## ASSIGNMENT
Would you copy the listing below exactly, keeping the pictures out?

## SOURCE DATA
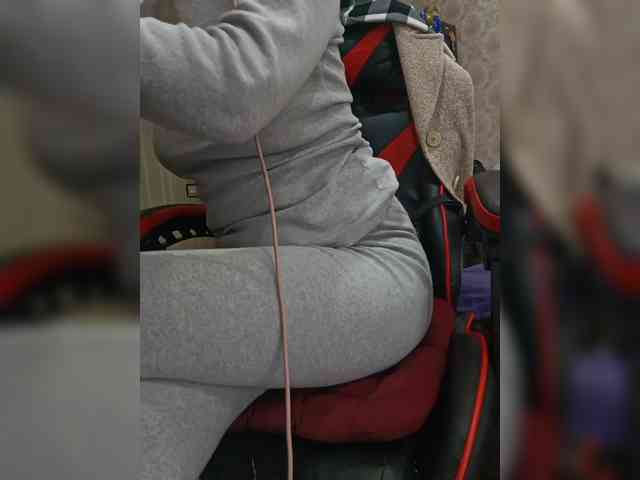 naked_taxi_dispatcher webcam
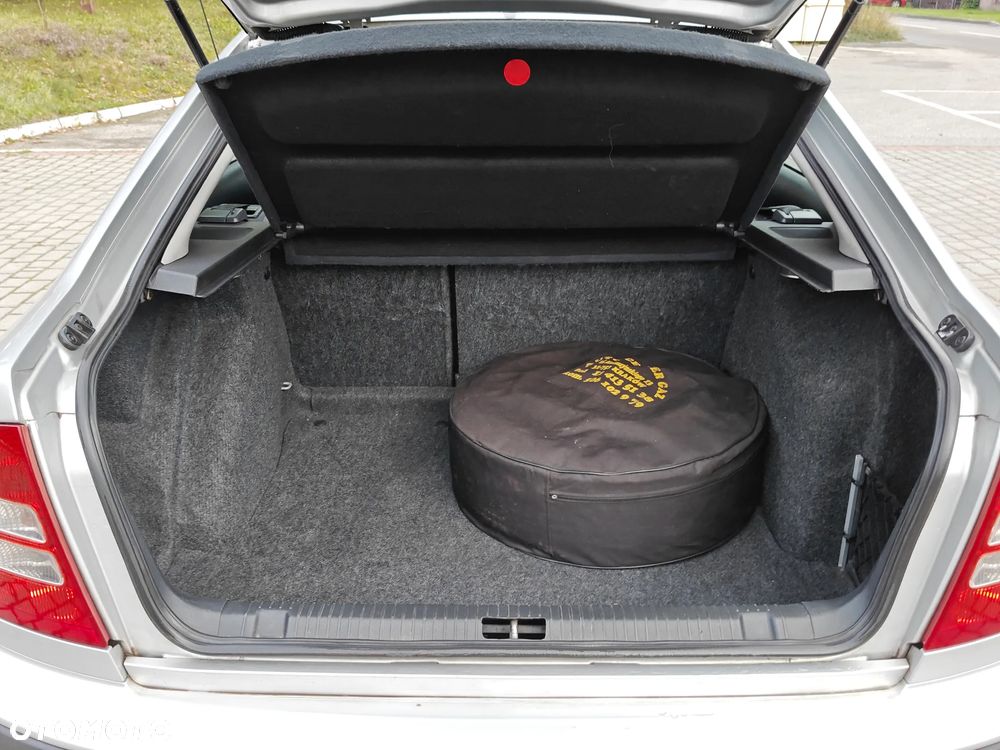 Skoda Octavia 2.0 Ambiente - 17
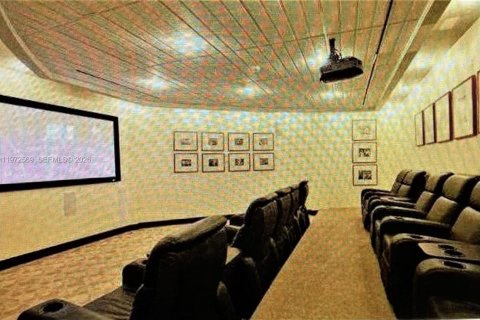 Condominio en venta en Miami, Florida, 1 dormitorio, 101.54 m2 № 2032814 - foto 12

## EXERCISE ANSWER
 naked_taxi_dispatcher webcam
 Skoda Octavia 2.0 Ambiente - 17
 Condominio en venta en Miami, Florida, 1 dormitorio, 101.54 m2 № 2032814 - foto 12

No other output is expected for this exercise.